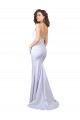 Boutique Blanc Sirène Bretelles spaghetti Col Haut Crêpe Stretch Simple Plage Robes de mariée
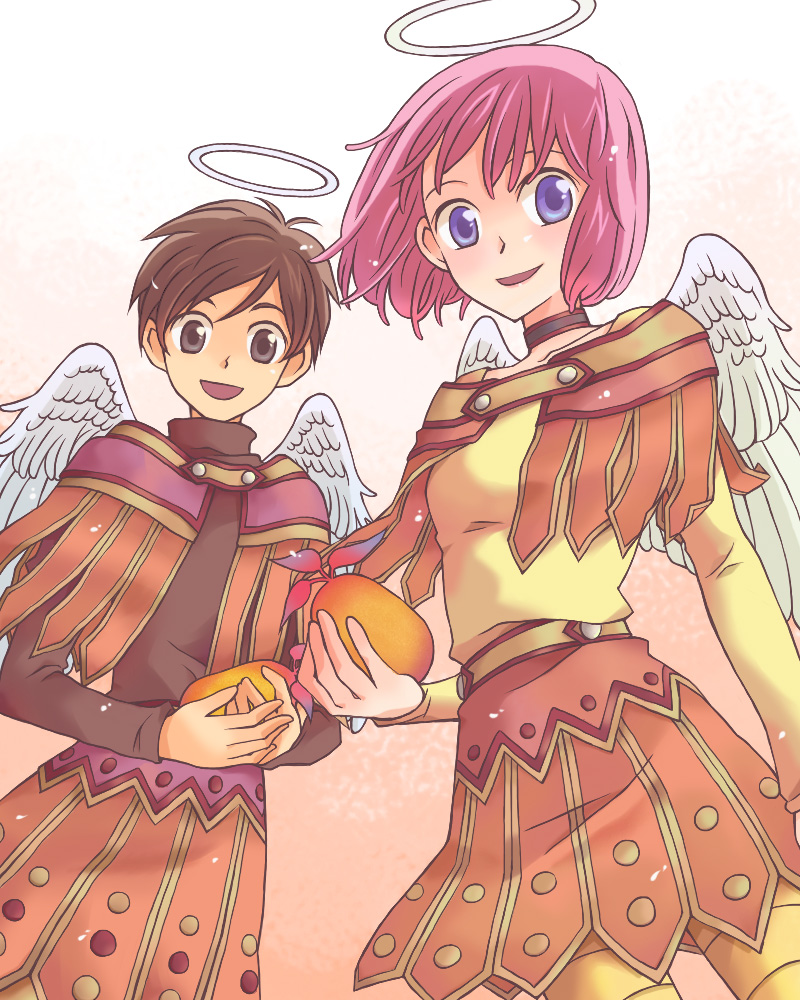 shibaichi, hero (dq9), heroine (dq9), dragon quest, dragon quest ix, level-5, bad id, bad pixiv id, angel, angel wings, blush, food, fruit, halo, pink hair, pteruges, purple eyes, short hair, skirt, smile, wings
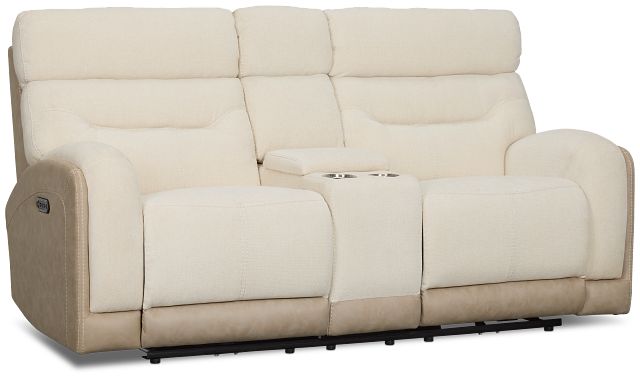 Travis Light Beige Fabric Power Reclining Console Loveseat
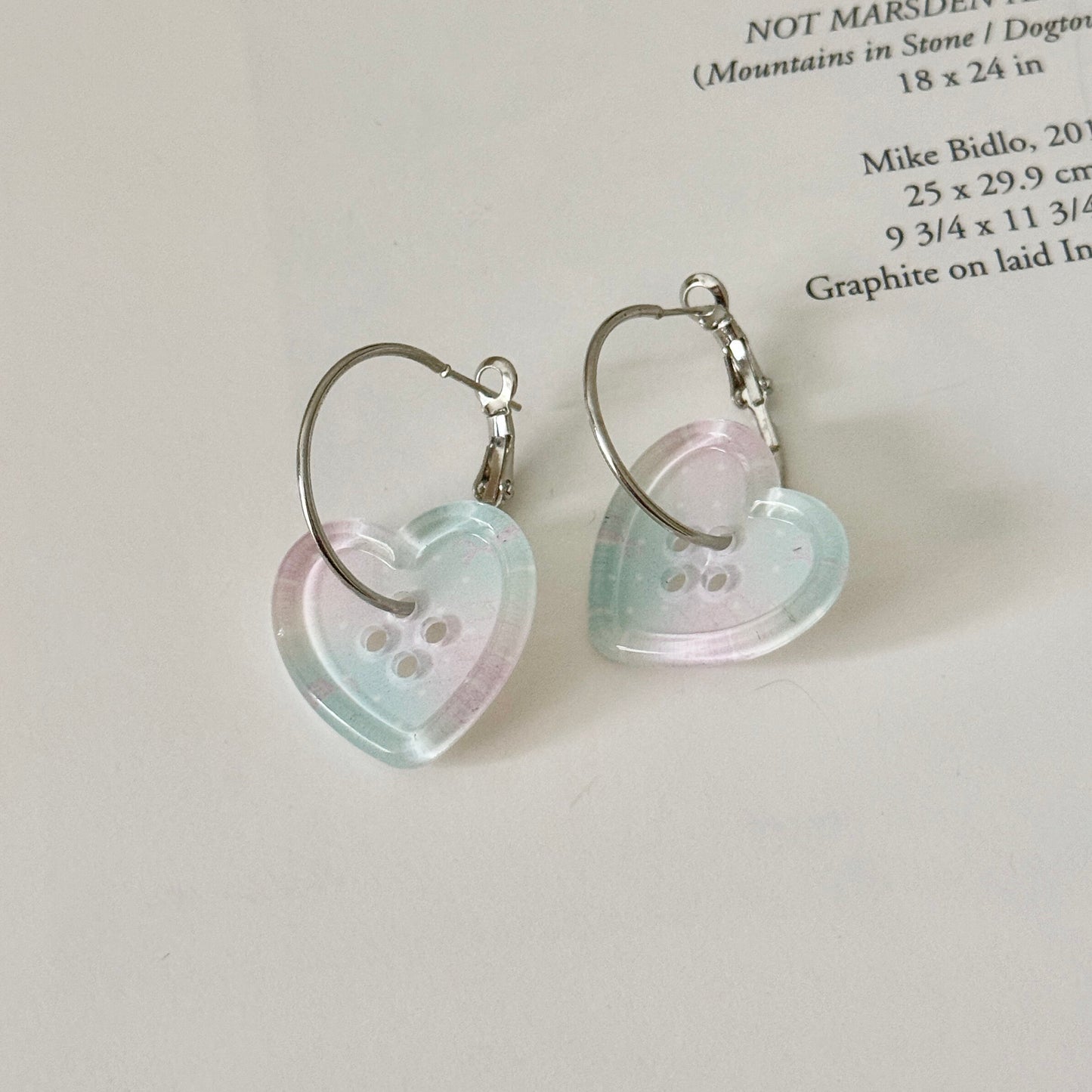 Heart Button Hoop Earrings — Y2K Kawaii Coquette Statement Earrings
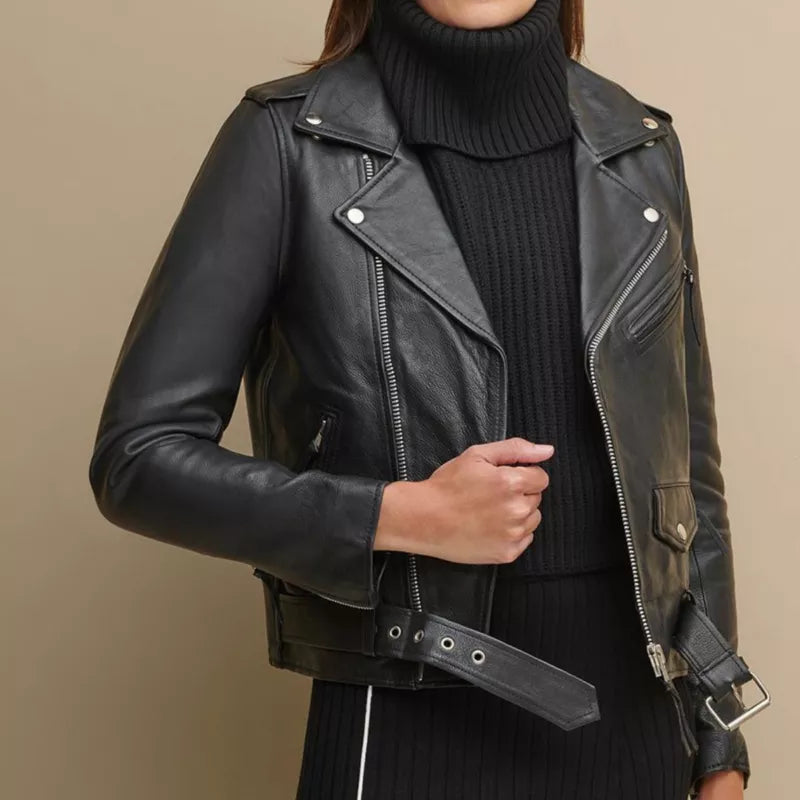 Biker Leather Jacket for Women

__________

_TO DO_
Output the listing exactly, pictures excluded.

_RESPONSE TO THIS EXERCISE_
 Boutique Blanc Sirène Bretelles spaghetti Col Haut Crêpe Stretch Simple Plage Robes de mariée
 shibaichi, hero (dq9), heroine (dq9), dragon quest, dragon quest ix, level-5, bad id, bad pixiv id, angel, angel wings, blush, food, fruit, halo, pink hair, pteruges, purple eyes, short hair, skirt, smile, wings
 Travis Light Beige Fabric Power Reclining Console Loveseat
 Heart Button Hoop Earrings — Y2K Kawaii Coquette Statement Earrings
 Biker Leather Jacket for Women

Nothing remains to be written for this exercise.